----- Exercise input

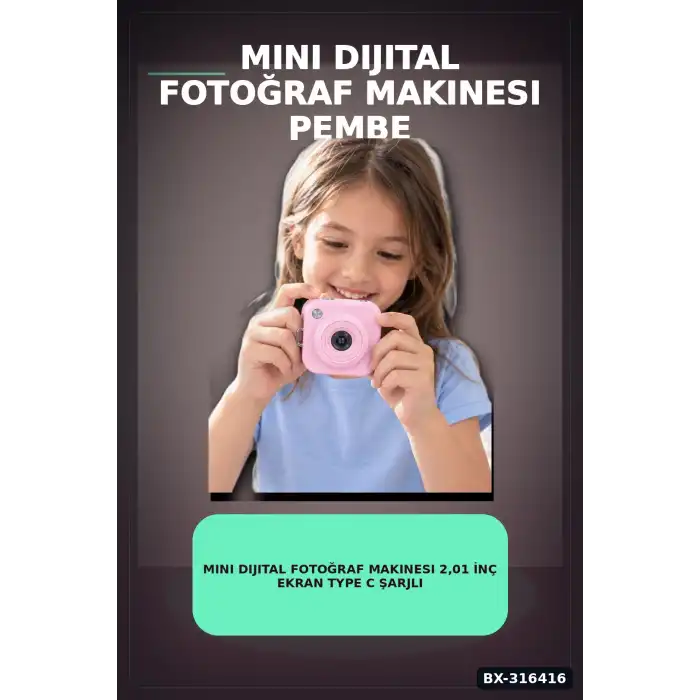 Mini Dijital Fotoğraf Makinesi 2,01 İnç Ekran Type C Şarjlı Pembe Cep Boy BX-316416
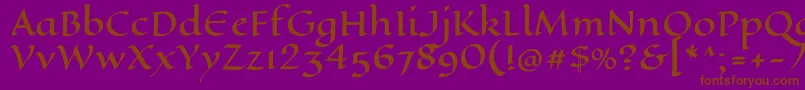 EaglelakeRegular-Schriftart – Braune Schriften auf violettem Hintergrund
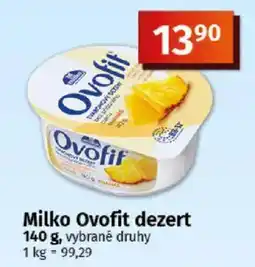 COOP TIP Milko Ovofit dezert nabídka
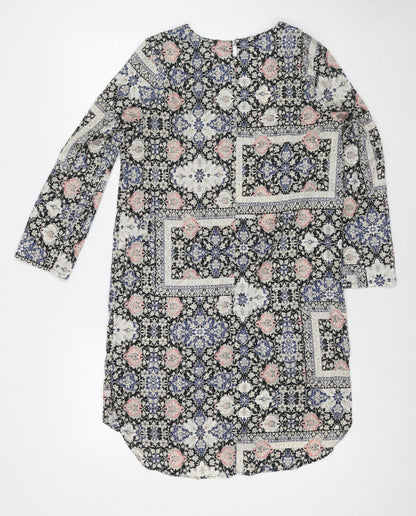 Topshop Womens Multicoloured Geometric Polyester A-Line Size 10 Round Neck Zip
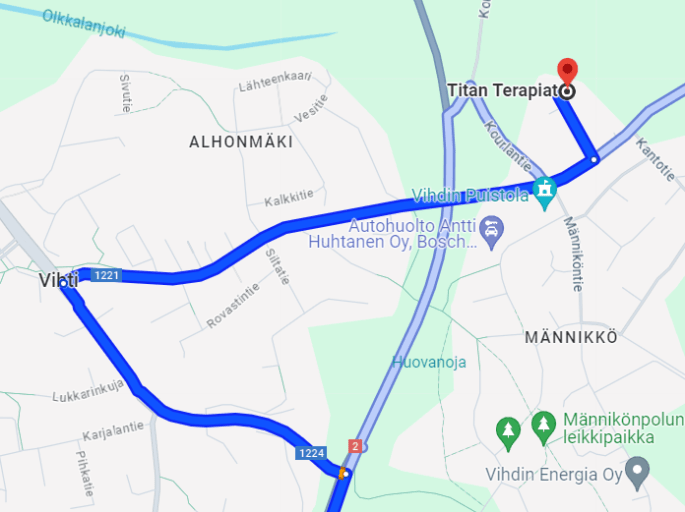 Hoitohuone sijaitsee Vihdissä, Irmelintiellä pihalla olevassa parakissa. Saat palvelun myös kotikäyntinä syyslumousta lukuunottamatta Irmelintie 7 Vihti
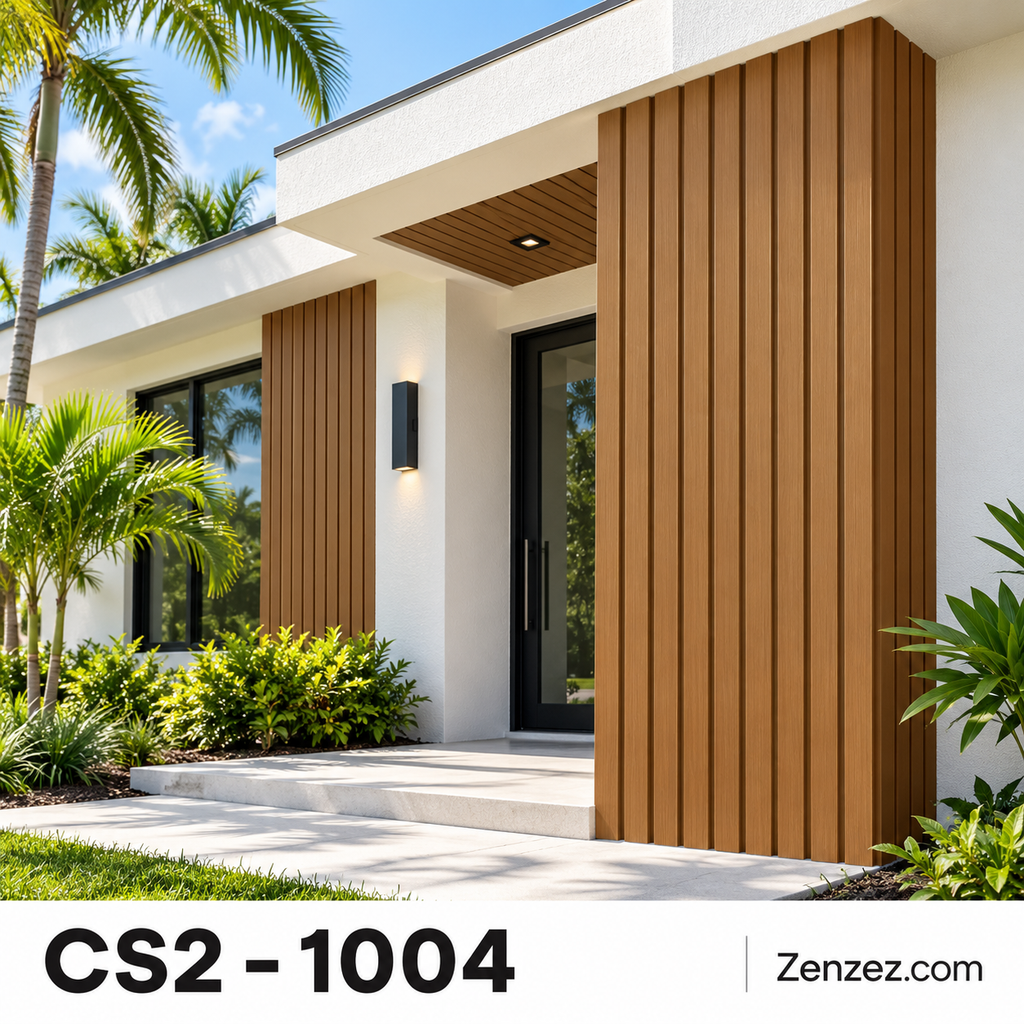 WALL PVC PANEL SLAT (SIDING) 6X114 INCHES = 6 INCHES X 9.5 FEET EXTERIOR USE MODEL CS2-1004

----------

● Task item: Print, word for word, the lines above that run from the line containing "Topshop Womens Multicoloured" to the line containing "Hoitohuone sijaitsee Vihdissä, Irmelintiellä", both included. Keep the pictures out.

● Answer to this problem:
 Topshop Womens Multicoloured Geometric Polyester A-Line Size 10 Round Neck Zip
 Hoitohuone sijaitsee Vihdissä, Irmelintiellä pihalla olevassa parakissa. Saat palvelun myös kotikäyntinä syyslumousta lukuunottamatta Irmelintie 7 Vihti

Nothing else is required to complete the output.